DECISO – Il ministro della Salute Renato Balduzzi, ieri a Venezia per la conferenza sull’amianto

VENEZIA – Il ministro della Salute, Renato Balduzzi, accelera sul Piano nazionale sull’amianto: «Lo presenterò in gennaio, le risorse economiche ci sono, il mio ministero ha già stanziato fra 22-23 milioni». Un annuncio a conclusione della Seconda conferenza governativa sull’amianto, a Venezia, da cui «sono arrivate alcune risposte di programmazione degli smaltimenti, delle bonifiche e del trattamento di manufatti contenenti amianto». È stato calcolato che per ogni cittadino del veneto c’è mezza tonnellata di eternit da smaltire. Secondo il Registro nazionale dei mesoteliomi, in 15 anni, i tumori causati da amianto hanno raggiunto il numero di 16mila. E il picco di malati è previsto intorno al 2015.
Uno dei nodi emersi dal dibattito è quello dell’applicazione del Piano nelle Regioni, non tutte virtuose nel fornire i dati ad esempio su malattia e siti contaminati. «Il nostro ordinamento conosce la possibilità che il governo intervenga in via sostitutiva laddove le cose non vengano fatte. Chi non mette ordine in casa propria – ha avvertito il ministro – va sanzionato e gli strumenti ci sono. Ma per farli valere abbiamo bisogno delle Regioni virtuose, in modo che non ci sia indulgenza verso i negligenti.
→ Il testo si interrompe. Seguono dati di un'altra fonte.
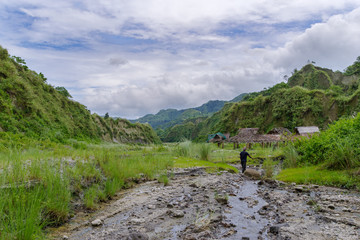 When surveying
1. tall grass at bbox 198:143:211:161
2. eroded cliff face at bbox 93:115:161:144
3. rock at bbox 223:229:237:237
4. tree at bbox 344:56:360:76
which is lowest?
rock at bbox 223:229:237:237

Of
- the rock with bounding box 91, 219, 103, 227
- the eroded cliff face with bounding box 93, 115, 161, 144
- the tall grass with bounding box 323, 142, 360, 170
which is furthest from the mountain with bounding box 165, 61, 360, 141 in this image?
the rock with bounding box 91, 219, 103, 227

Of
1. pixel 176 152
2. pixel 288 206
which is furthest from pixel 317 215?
pixel 176 152

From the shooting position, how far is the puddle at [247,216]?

L’autonomia delle Regioni non può significare irresponsabilità».
Tutte le indicazioni emerse dopo due giorni di seminari «saranno sintetizzate in una prima bozza condivisa con i ministri del Lavoro, Elsa Fornero, e dell’Ambiente, Corrado Corrado Clini – ha aggiunto Balduzzi – da inviare alla consultazione della Conferenza unificata e alle forze sociali in modo che nei primi mesi del 2013 si possa puntare all’accordo operativo».
Il piano conterrà «proposte di grande innovazione, come utilizzare la fibulina come marcatore tumorale predittivo, costituire una rete internazionale di banche dati di materiale biologico, standardizzare i modelli di presa in carico degli ammalati».
Un «coordinamento sovranazionale è fondamentale» ha rilevato Balduzzi aggiungendo che va tutelato «difendendo e preservando il ruolo dell’Organizzazione mondiale della Sanità (oms) e delle istituzioni scientifiche correlate, pretendendo che appaiano e siano assolutamente indipendenti da portatori di interessi privati come i produttori di amianto». Intanto, il prossimo 7 dicembre, al Consiglio europeo dei ministri della Salute, Balduzzi porterà la proposta di un network europeo di ricerca sull’amianto.